According to a presentation to the Operating Committee last week, the drill will test the communication channels between PJM and transmission owners and their ability to respond to attacks by implementing emergency procedures.
Bunyon said PJM will participate using its Dispatcher Training Simulator and asked transmission owners to consider simulator use, as well, instead of using the drill as a tabletop exercise. He asked transmission owners to designate planners to help develop drill materials and conduct training.
Fuel procurement and environmental limitations are the top obstacles to increasing the flexibility of PJM’s generating fleet, according to survey results released last week.
About 83% of generator operators responding to the survey said they are operating to the limits of their plants’ flexibility. Of the remaining 17%, most cited fuel and emissions limits, with insufficient compensation “a distant third,” PJM said.
The survey was developed in response to what Adam Keech, manager of wholesale market operations, said was a decline in generation flexibility over the last decade.
PJM’s Eric Hsia told the Market Implementation Committee last week 20% of those who said their units were being offered as flexibly as possible reported their flexibility has decreased over time. Among the reasons cited were compensation rules that discourage investment in aging plants, lack of fuel, emission limits and “additional risk of tripping.”
PJM’s next step will be one-on-one meetings with companies to get more details. Hsia said some of the fuel issues are already being addressed by the Gas-Electric Senior Task Force.
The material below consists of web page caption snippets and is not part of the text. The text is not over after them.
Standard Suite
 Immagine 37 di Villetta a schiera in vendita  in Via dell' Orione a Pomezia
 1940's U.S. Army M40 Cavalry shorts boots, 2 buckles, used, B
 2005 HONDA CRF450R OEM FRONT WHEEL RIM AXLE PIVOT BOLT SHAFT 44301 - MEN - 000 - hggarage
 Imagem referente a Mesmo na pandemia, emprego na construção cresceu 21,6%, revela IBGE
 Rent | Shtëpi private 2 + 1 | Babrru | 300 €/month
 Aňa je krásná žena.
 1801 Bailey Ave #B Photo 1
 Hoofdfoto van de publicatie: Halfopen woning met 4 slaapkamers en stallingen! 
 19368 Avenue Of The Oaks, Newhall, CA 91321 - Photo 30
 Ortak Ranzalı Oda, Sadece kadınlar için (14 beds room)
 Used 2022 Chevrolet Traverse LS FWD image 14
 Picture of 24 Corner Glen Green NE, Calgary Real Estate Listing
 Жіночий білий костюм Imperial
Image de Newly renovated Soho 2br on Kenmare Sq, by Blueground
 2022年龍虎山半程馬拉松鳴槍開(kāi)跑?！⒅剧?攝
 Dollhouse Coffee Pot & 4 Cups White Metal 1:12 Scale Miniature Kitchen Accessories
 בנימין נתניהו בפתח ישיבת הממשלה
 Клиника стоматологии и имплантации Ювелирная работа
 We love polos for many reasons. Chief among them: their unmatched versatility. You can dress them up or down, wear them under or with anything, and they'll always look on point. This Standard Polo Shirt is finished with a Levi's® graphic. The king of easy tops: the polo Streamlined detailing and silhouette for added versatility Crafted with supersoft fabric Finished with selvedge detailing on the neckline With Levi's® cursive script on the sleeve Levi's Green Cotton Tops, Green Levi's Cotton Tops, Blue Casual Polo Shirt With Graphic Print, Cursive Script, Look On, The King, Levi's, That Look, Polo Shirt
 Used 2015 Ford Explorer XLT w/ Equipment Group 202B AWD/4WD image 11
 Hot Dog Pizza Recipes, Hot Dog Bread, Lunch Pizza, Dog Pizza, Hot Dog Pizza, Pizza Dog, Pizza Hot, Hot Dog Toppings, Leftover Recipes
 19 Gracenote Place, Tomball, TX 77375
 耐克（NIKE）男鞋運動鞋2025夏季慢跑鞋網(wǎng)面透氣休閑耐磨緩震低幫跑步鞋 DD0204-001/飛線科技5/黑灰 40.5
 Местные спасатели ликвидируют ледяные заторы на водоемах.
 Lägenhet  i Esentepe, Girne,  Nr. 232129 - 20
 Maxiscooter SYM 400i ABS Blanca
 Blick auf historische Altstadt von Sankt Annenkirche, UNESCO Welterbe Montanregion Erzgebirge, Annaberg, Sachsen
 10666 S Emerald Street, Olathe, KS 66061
Bethlehem SPS (Source: Calpine and PJM Interconnection LLC)
Calpine announced a special protection scheme that will allow the outage of the Blooming Grove-Bushkill 230-kV line July 1 to accommodate construction of the Susquehanna-Roseland 500-kV line. According to a presentation to the Operating Committee Tuesday, the SPS also takes into account the expected retirement of the Portland coal units, scheduled for June 1.
The SPS calls for the trip of Unit 8 at Calpine’s Bethlehem station to relieve potential congestion from the loss of either of the two Steel City-Quarryville 230-kV lines. The SPS is expected to end in summer 2015 with the completion of the Susquehanna Roseland 500-kV line.
New Line Designations at Breinigsville
Breinigsville line designations (Source: PPL and PJM Interconnection LLC)
PPL announced new line designations coming out of its new Breinigsville substation. PPL plans to reuse the 5044 designation, currently used for the 500-kV Wescovsville-Alburtis line, for the Wescosville-Breinigsville 500-kV line. It would then christen the Breinigsville-Alburtis 500-kV line as 5058.
The new Breinigsville substation is designed to protect against excess voltage drop on 138-kV lines between Wescosville and Seigfried, excess transformer load at the Wescosville substation, and maximum allowable load drop if the Wescosville-Trexlertown #1 and #2 lines are lost.
The project is expected to be completed in May 2015.
The Federal Energy Regulatory Commission last week rejected Consolidated Edison Co.’s attempt to avoid paying for a major transmission upgrade in northern New Jersey but suggested it might order PJM to recalculate the company’s bill.
FERC’s ruling (ER14-972) approved PJM’s cost allocation for 111 baseline reliability upgrades included in the RTO’s Regional Transmission Expansion Plan (RTEP), including 17 eligible for regional cost allocation under Order 1000.
Only one of the projects, a $1.2 billion project upgrade to address thermal overloads and short circuit problems in the PSEG transmission zone outside New York City, was challenged. (See PJM: Con Ed Protest over PSEG Upgrade Groundless.)
PSEG Short Circuit Solution (Source: PJM Interconnection, LLC)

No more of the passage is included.